[Image-caption web data]
◆ ◆ ◆

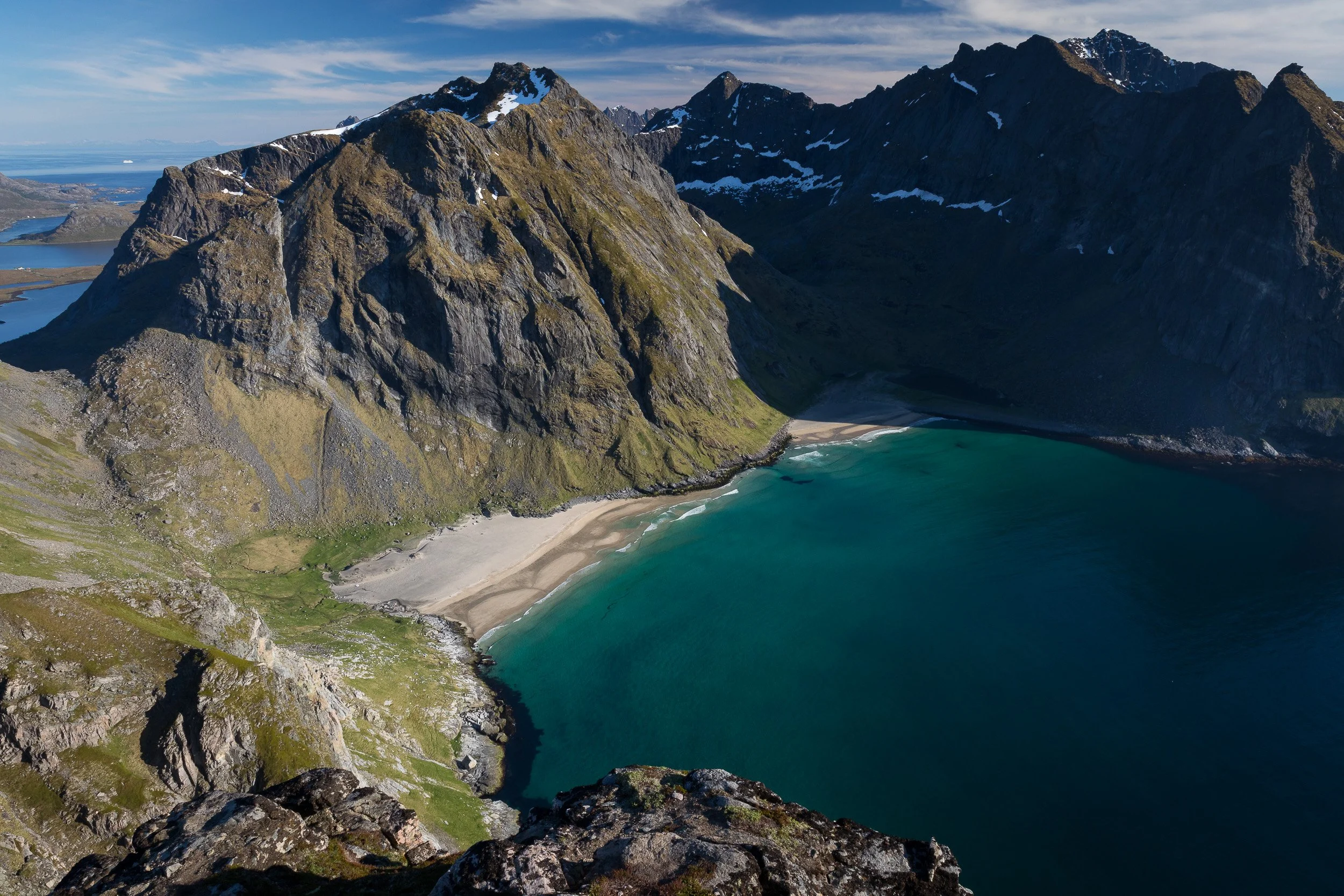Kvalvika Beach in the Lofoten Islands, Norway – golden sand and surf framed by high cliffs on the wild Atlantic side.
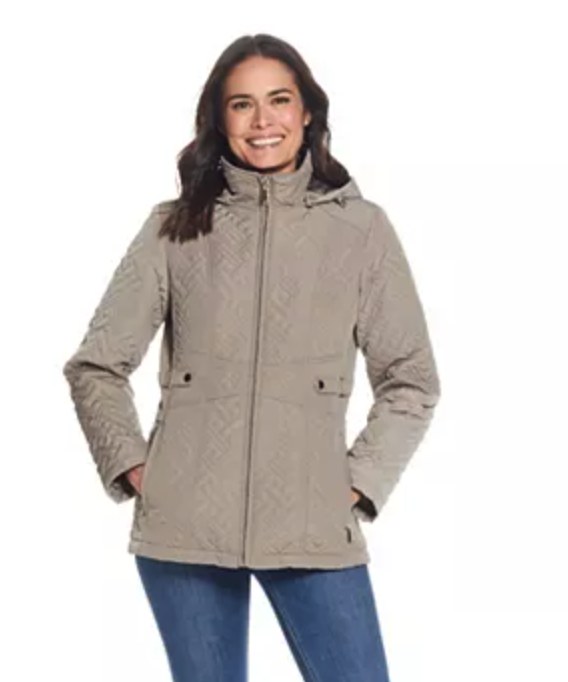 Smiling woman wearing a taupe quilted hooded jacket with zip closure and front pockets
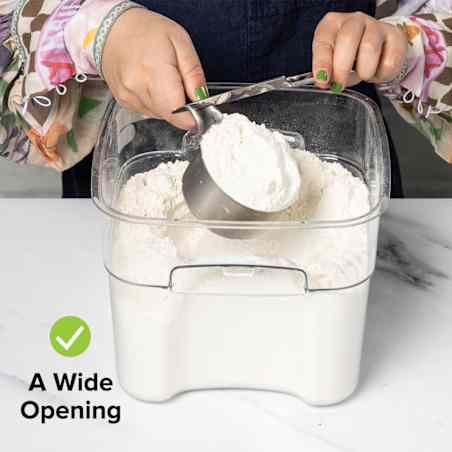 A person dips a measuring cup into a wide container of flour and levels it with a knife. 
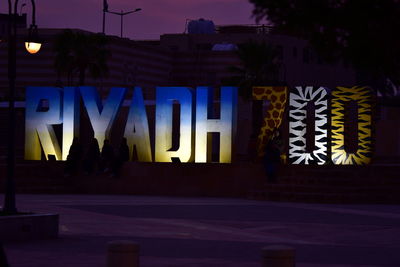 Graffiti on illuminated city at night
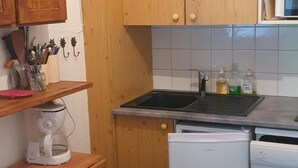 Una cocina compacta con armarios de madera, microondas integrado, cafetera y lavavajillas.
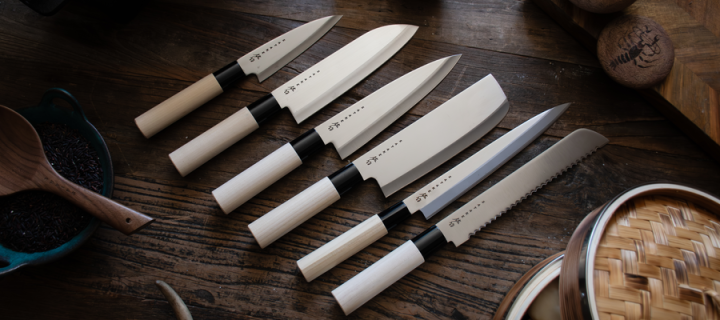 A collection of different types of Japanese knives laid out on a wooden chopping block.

◆ ◆ ◆

* TASK REQUIREMENTS: Output the data exactly as it appears. The pictures do not belong in it.

* SOLUTION TO THIS EXERCISE:
Kvalvika Beach in the Lofoten Islands, Norway – golden sand and surf framed by high cliffs on the wild Atlantic side.
 Smiling woman wearing a taupe quilted hooded jacket with zip closure and front pockets
 A person dips a measuring cup into a wide container of flour and levels it with a knife. 
 Graffiti on illuminated city at night
 Una cocina compacta con armarios de madera, microondas integrado, cafetera y lavavajillas.
 A collection of different types of Japanese knives laid out on a wooden chopping block.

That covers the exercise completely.